To all the single ladies out there, if you like piña coladas and getting caught in the rain: James Ellroy is available and on the prowl.
The self-proclaimed “slick trick with a donkey dick” jestingly solicited dates before he stepped on stage at City College’s Garvin Theatre Tuesday Nov. 27 to discuss the infamous 1947 Black Dahlia murder.
“I wanted to do one thing: write down the too-short life of Elizabeth Short,” Ellroy said. “I grew up obsessed with crime and was entirely dedicated to avenge devastated women.”
At the age of 11, Ellroy came home Jun. 22, 1958 and the police told him that his mother had been found murdered in the same manner as the Black Dahlia.
“It was a ravaging arrogant and selfish male libido that killed her,” Ellroy said. “The question isn’t who killed her. The question is, ‘What was going on in their head?’ Unknowability is a language all on its own.”
When Ellroy went to live with his father, he received a book that described the Black Dahlia murder.
“I experienced fear and revulsion, seduction and hurt,” Ellroy said. “I was afraid to go to sleep because I’d dream of Elizabeth Short.”
Short dreamt of Hollywood fame and glamour so she moved to Los Angeles. Her acting career never took off because of her alleged laziness and her parasitic nature.

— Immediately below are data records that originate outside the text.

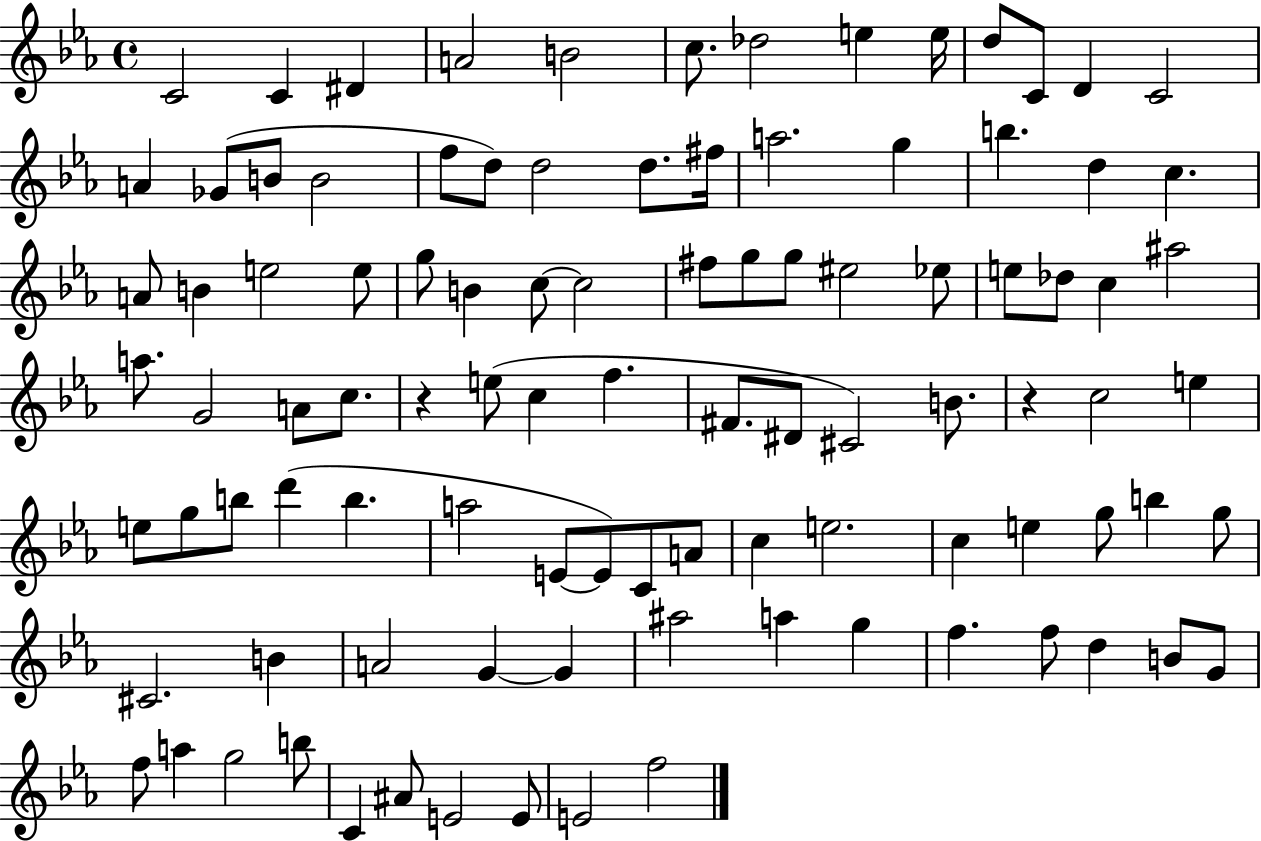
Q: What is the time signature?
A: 4/4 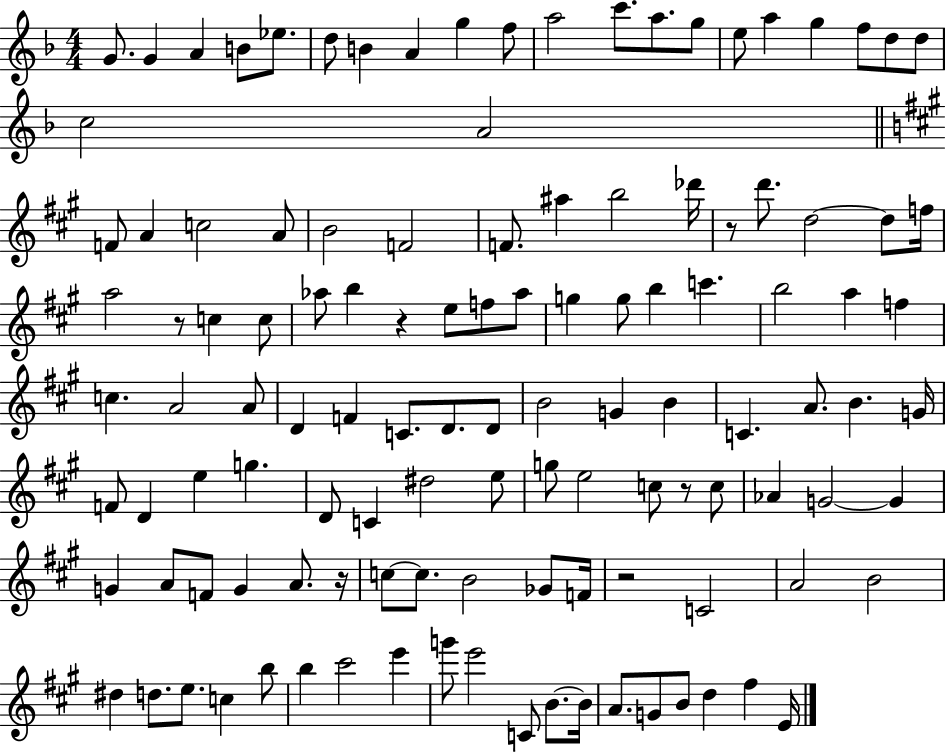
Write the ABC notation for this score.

X:1
T:Untitled
M:4/4
L:1/4
K:F
G/2 G A B/2 _e/2 d/2 B A g f/2 a2 c'/2 a/2 g/2 e/2 a g f/2 d/2 d/2 c2 A2 F/2 A c2 A/2 B2 F2 F/2 ^a b2 _d'/4 z/2 d'/2 d2 d/2 f/4 a2 z/2 c c/2 _a/2 b z e/2 f/2 _a/2 g g/2 b c' b2 a f c A2 A/2 D F C/2 D/2 D/2 B2 G B C A/2 B G/4 F/2 D e g D/2 C ^d2 e/2 g/2 e2 c/2 z/2 c/2 _A G2 G G A/2 F/2 G A/2 z/4 c/2 c/2 B2 _G/2 F/4 z2 C2 A2 B2 ^d d/2 e/2 c b/2 b ^c'2 e' g'/2 e'2 C/2 B/2 B/4 A/2 G/2 B/2 d ^f E/4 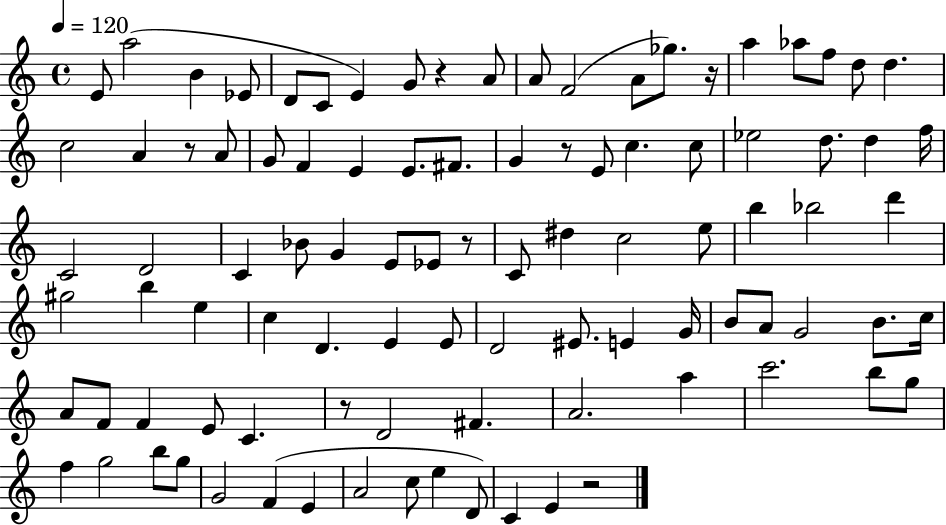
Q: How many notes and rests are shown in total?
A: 96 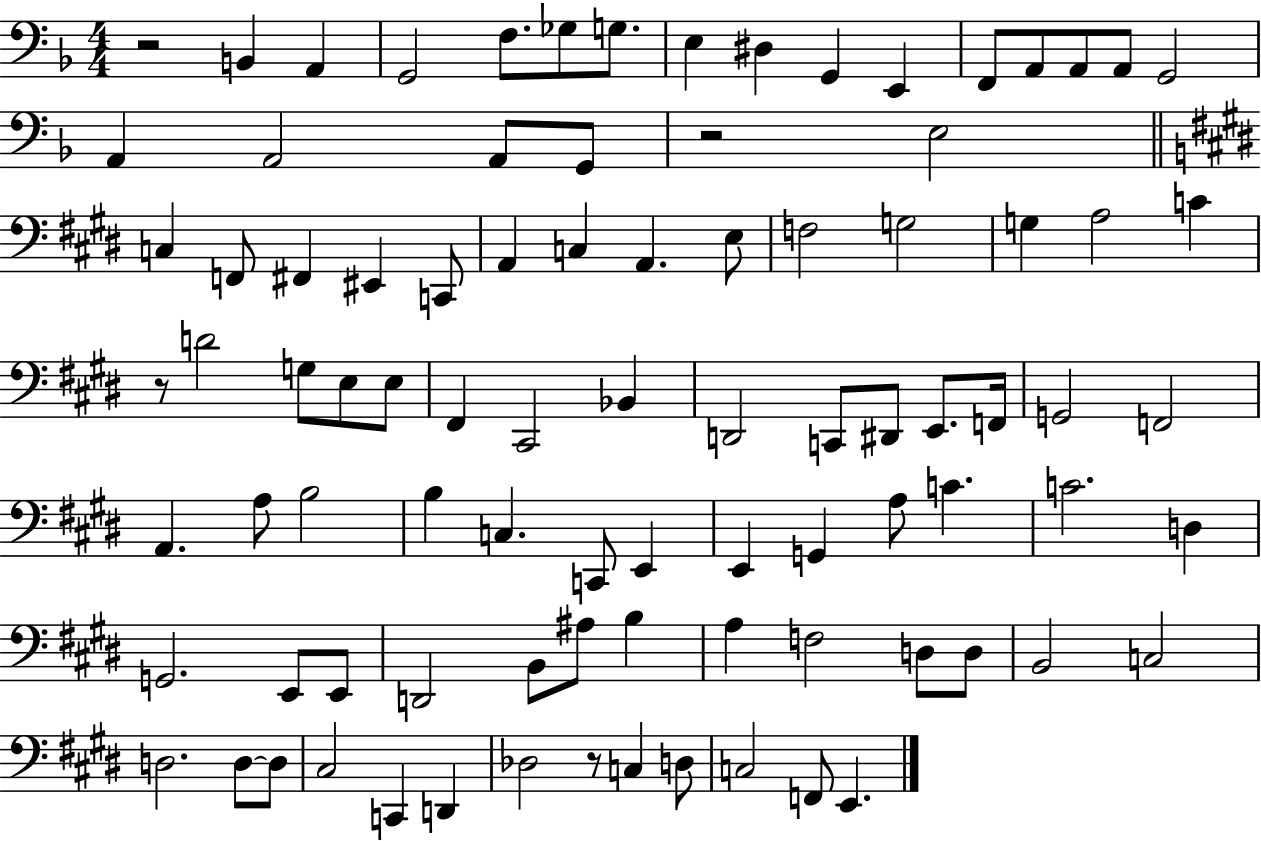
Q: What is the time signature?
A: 4/4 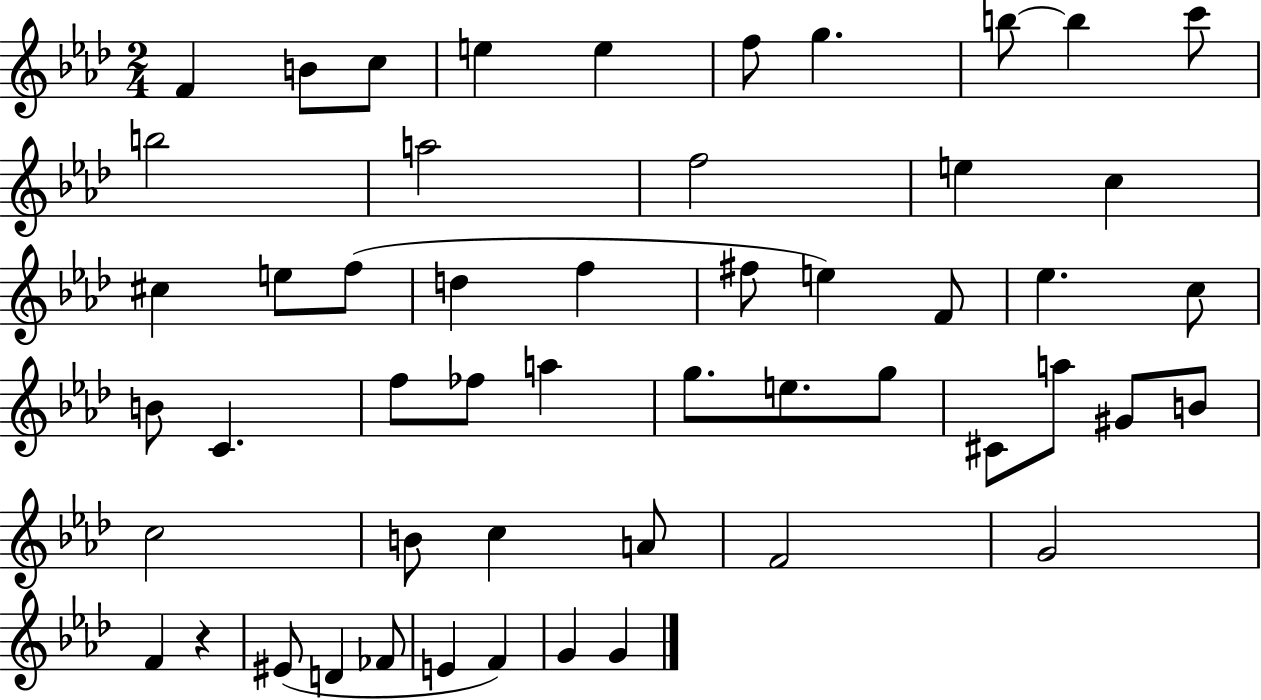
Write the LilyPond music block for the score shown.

{
  \clef treble
  \numericTimeSignature
  \time 2/4
  \key aes \major
  f'4 b'8 c''8 | e''4 e''4 | f''8 g''4. | b''8~~ b''4 c'''8 | \break b''2 | a''2 | f''2 | e''4 c''4 | \break cis''4 e''8 f''8( | d''4 f''4 | fis''8 e''4) f'8 | ees''4. c''8 | \break b'8 c'4. | f''8 fes''8 a''4 | g''8. e''8. g''8 | cis'8 a''8 gis'8 b'8 | \break c''2 | b'8 c''4 a'8 | f'2 | g'2 | \break f'4 r4 | eis'8( d'4 fes'8 | e'4 f'4) | g'4 g'4 | \break \bar "|."
} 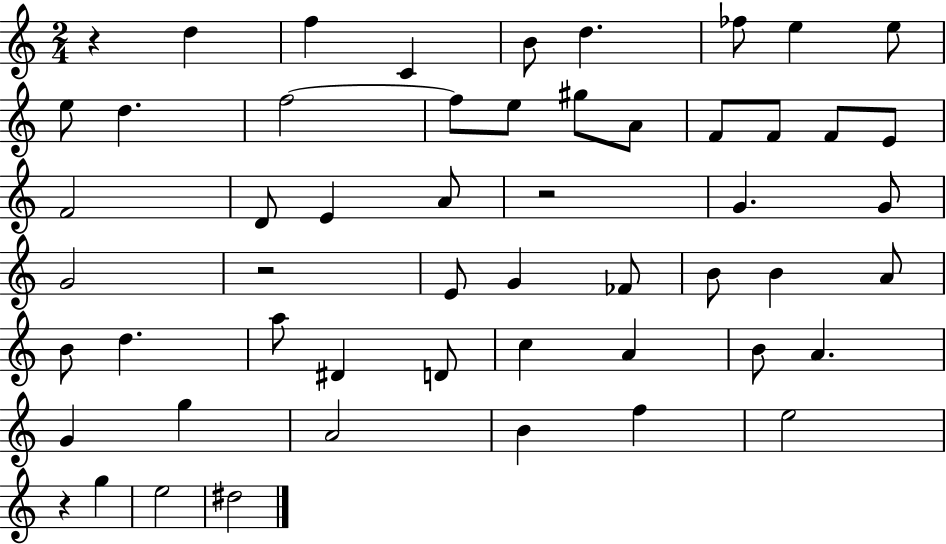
R/q D5/q F5/q C4/q B4/e D5/q. FES5/e E5/q E5/e E5/e D5/q. F5/h F5/e E5/e G#5/e A4/e F4/e F4/e F4/e E4/e F4/h D4/e E4/q A4/e R/h G4/q. G4/e G4/h R/h E4/e G4/q FES4/e B4/e B4/q A4/e B4/e D5/q. A5/e D#4/q D4/e C5/q A4/q B4/e A4/q. G4/q G5/q A4/h B4/q F5/q E5/h R/q G5/q E5/h D#5/h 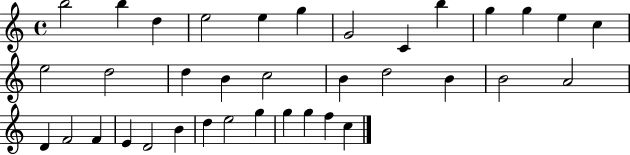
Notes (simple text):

B5/h B5/q D5/q E5/h E5/q G5/q G4/h C4/q B5/q G5/q G5/q E5/q C5/q E5/h D5/h D5/q B4/q C5/h B4/q D5/h B4/q B4/h A4/h D4/q F4/h F4/q E4/q D4/h B4/q D5/q E5/h G5/q G5/q G5/q F5/q C5/q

She was found mutilated Jan. 15, 1947 in an abandoned field on the corner of 39th and Norton. Her body had been sliced in half and drained of blood, her mouth had been torn from ear to ear in a Glasgow smile, her right breast had been removed, and her left thigh had a chunk missing. Despite the carnage, her body had been washed and posed with her hands at right angles. Her killer was never found.
The press sensationalized the case and Short was later nicknamed “The Black Dahlia.” The true origin of the moniker is unknown, but some suspect it was because of her penchant for wearing black dresses with flowers in her hair. Others suspect it was a reference to “The Blue Dahlia,” a movie that had come out earlier that year.
Ellroy soon became obsessed with the Black Dahlia. During a press tour for his book, his girlfriend at the time rejected his marriage proposal because she claimed that he only loved dead women and “she wasn’t sure if she was ready to make that commitment.”
“Elizabeth Short died January 15. On January 17, the Black Dahlia was born and she reached a level of fame Elizabeth never could,” said Anne Redding, co-chair of the justice studies department. “If the killer was an artist, what he left at 39th and Norton was his masterpiece. She was beautiful, even in death.”
Redding called the Black Dahlia “a cautionary tale” rather than a case that needs to be solved, but never will be resolved.
In 1987, Ellroy wrote a novel “The Black Dahlia” which used the case as a narrative device. It was later adapted into a movie by director Brian De Palma in 2006.
“I had to err on the side of empathy in my portrayal of Elizabeth Short,” Ellroy said. “I believe I’ve been in contact with her in the beyond and she approves of my fiction. … She wanted to be famous and she paid a terrible price for that. There is no language that can adequately describe the horror that befell Elizabeth Short.”